For enrolling the Biometric, an issuing agent is required to enter the personalization information into the enrollment system. A fingerprint should be captured from the index finger of each hand. In case the index finger is damaged and the fingerprint cannot be taken, then a fingerprint from another finger or thumb will be captured. The SID-issuing agent shall specify which fingers were enrolled at the time of biometric enrolment, and this information shall be recorded in the header of the biometric template to be stored on the SID bar code.
India also ratified this convention and became a part of it. This is a boon for the Indian Sailors as they can move freely in the international waters without any restriction. The identity card that is issued to them have all the features to be verified electronically and is recognised world wide.The hassle free movement in the international waters will also increase employment opportunities for the Seafarers. India has over 1.8 lakh seafarers, just around 7 per cent of the global share of sailors. The security issues that are presently faced by the seafarers will also be solved and taken care of.

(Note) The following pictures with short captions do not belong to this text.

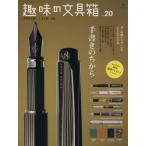  хобби. канцелярские принадлежности коробка (Vol.20)ei Mucc /? выпускать фирма 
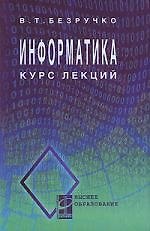 Книга Информатика (курс лекций): учебное пособие (Валерия Безручко) — 1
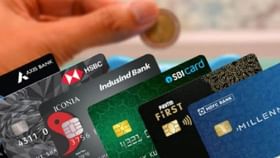 Debit-Credit Card: নতুন নিয়ম আনছে RBI, ডেবিট-ক্রেডিট কার্ডের গ্রাহকেরা পাবেন বিশেষ সুবিধা Debit-Credit Card: নতুন নিয়ম আনছে RBI, ডেবিট-ক্রেডিট কার্ডের গ্রাহকেরা পাবেন বিশেষ সুবিধা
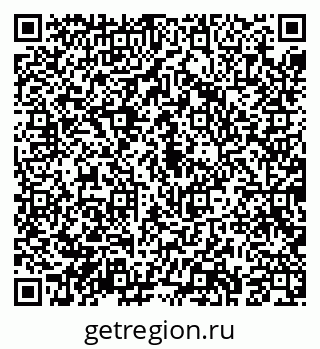 79043281267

Convention No. 185 is potentially a very effective Convention designed to serve modern border control and security interests, while also respecting seafarers’ rights. It combines and balances security interests with the welfare of seafarers and the facilitation of world shipping. With respect to security interests, it provides for SIDs with essential modern security features and is unique in its establishment of minimum standards for national SIDs issuance procedures as well as the international oversight of compliance with those procedures, and also in its establishment of international cooperation in the sharing of data on issued SIDs through national databases and national focal points that can be contacted on a round-the-Clock basis.